Is there an algorithm to evaluate spin-weighted spherical harmonics (swSH) at arbitrary points on the sphere? In particular I am looking for, e.g. a recursion relation to evaluate the "spin weighted Legendre functions" ${}_sP^m_l$, which satisfy the follow Sturm-Liouville equation

$ \frac{d}{dx}\left(\left(1-x^2\right)\frac{d{}_sP^m_l(x)}{dx}\right)+\left(s-\frac{(m-sx)^2}{1-x^2}\right){}_sP^m_l(x)=-(l-s)(l+s+1){}_sP^m_l(x) $

over the interval $x\in[-1,1]$. Classic papers on swSH inclde this and this (note I took the above equation from 2.5 of this paper substituting $x\equiv-\mathrm{cos}\vartheta$).

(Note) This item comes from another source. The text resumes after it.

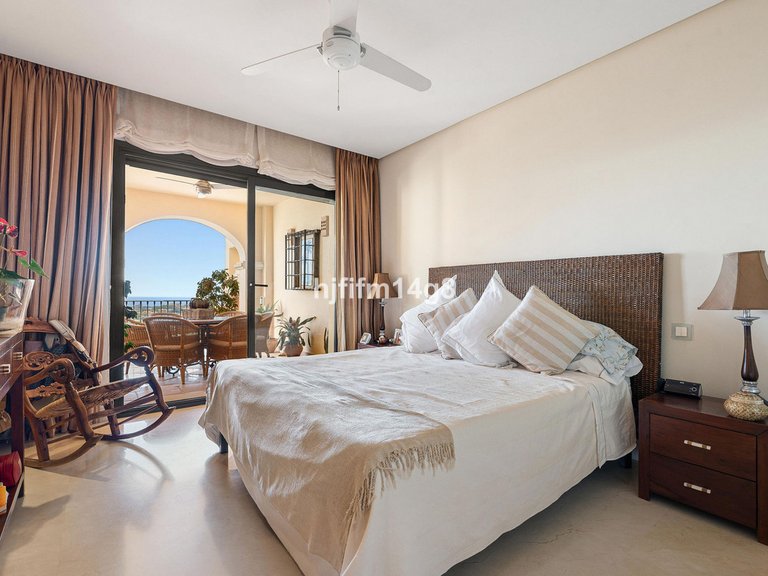 Apartment for Sale in Benahavís, Malaga 10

In particular, I'd like to evaluate integrals such as

$ \int_{-1}^1dx {}_sP^m_l(x)f(x) $

(where f is some function I do know how to evaluate) using Gaussian quadrature.

For context: there exist algorithms to compute discrete spherical harmonic transforms, which require the evaluation of the associated Legendre functions (note $P^m_l={}_0P^m_l$). Is there something similar for swSH?

Answer 1

If I'm not mistaken, these spin-weighted spherical harmonic functions are equivalent to the Generalized Associated Legendre functions. In the reference work Virchenko & Fedotova, you can find recurrence relations in chapter 5, p32. Chapter 15, p. 96, of the same reference discusses integral transforms with the Generalized Associated Legendre functions.